Make Prayer More Than a Request.
“Trust in him at all times, O people; pour out your heart before him; God is a refuge for us.” — Psalm 62:8
“Do not be anxious about anything, but in everything by prayer and supplication with thanksgiving let your requests be made known to God.”
— Philippians 4:6

I used to work at a Christian camp where our walkie-talkies ran on two kinds of channels, general ones for everyday communication, and restricted channels reserved for emergencies only.
That image has stayed with me because I think it describes how many of us relate to prayer. We treat it like a restricted channel: something we tune in to only when we need to ask or request from God. And then we wonder why our prayer lives feel so thin.
Peter Adam, in his book Prayerfulness, presses against this narrowness. If we use “prayer” only to mean asking, he writes, we’ve left out calling on God, praising him, worshipping him, confessing sin, lamenting evil, begging, pleading, and singing to him.[1] Prayer, in its fullness, is not a request line: it is communion.

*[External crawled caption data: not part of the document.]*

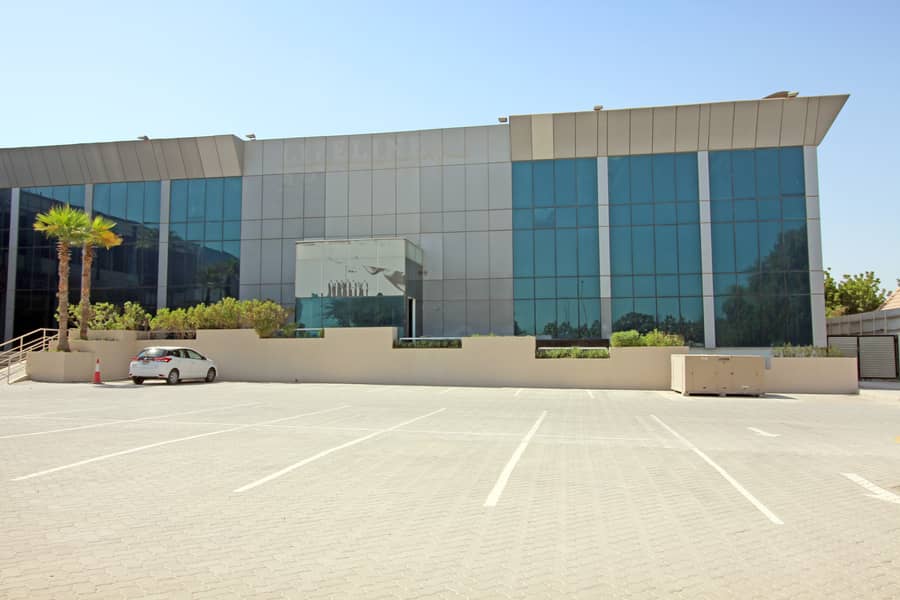 مبنی تجاري في مجمع المنتزه،جبل علي 4000000 درهم - 7715753 مبنی تجاري في مجمع المنتزه،جبل علي 4000000 درهم - 7715753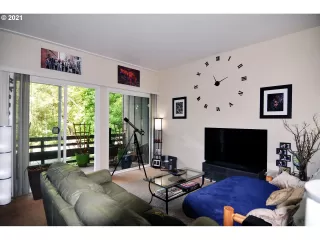 Photo #2: 21107413 Listing 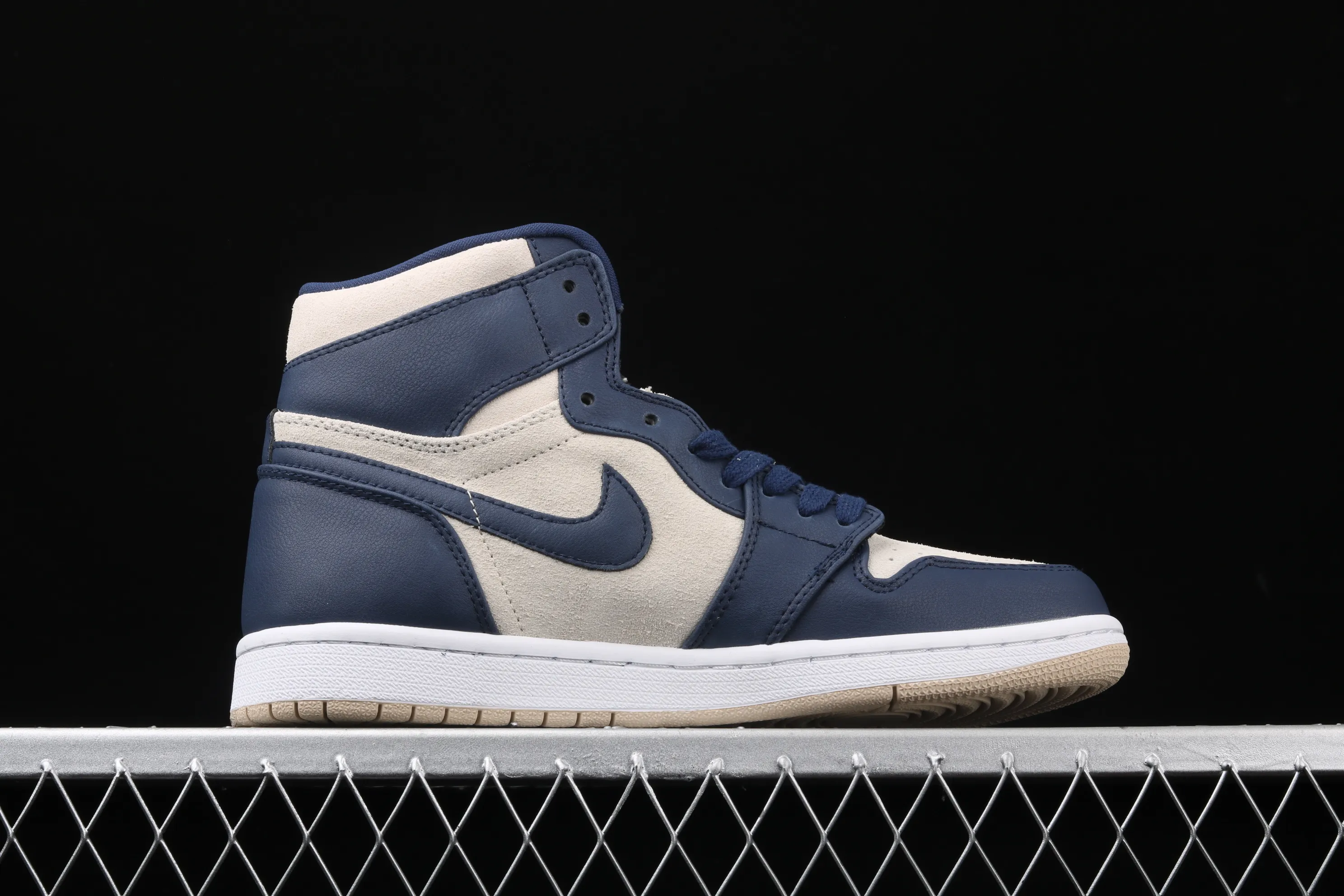 All categories Air Jordan Jordan series basketball shoes Air Jordan 1 High Air Jordan 1 Retro Premium AJ1 Joe 1 khaki blue frosted basketball shoes AQ9131-401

This is part of why I’ve continued to lean on the ACTS method of prayer (Adoration, Confession, Thanksgiving, Supplication). It keeps me from camping out on the one restricted channel and instead opens me up to the full, rich conversation God invites us into.
Prayer was never meant to be a last resort. It was meant to be the whole relationship.
Reflection
What channels of prayer have you been neglecting, and what would it look like to open them up this week?
[1]Peter Adam, Prayerfulness (Nottingham: IVP, 2013), 11.


Good word Raphael! Prayer is sanity!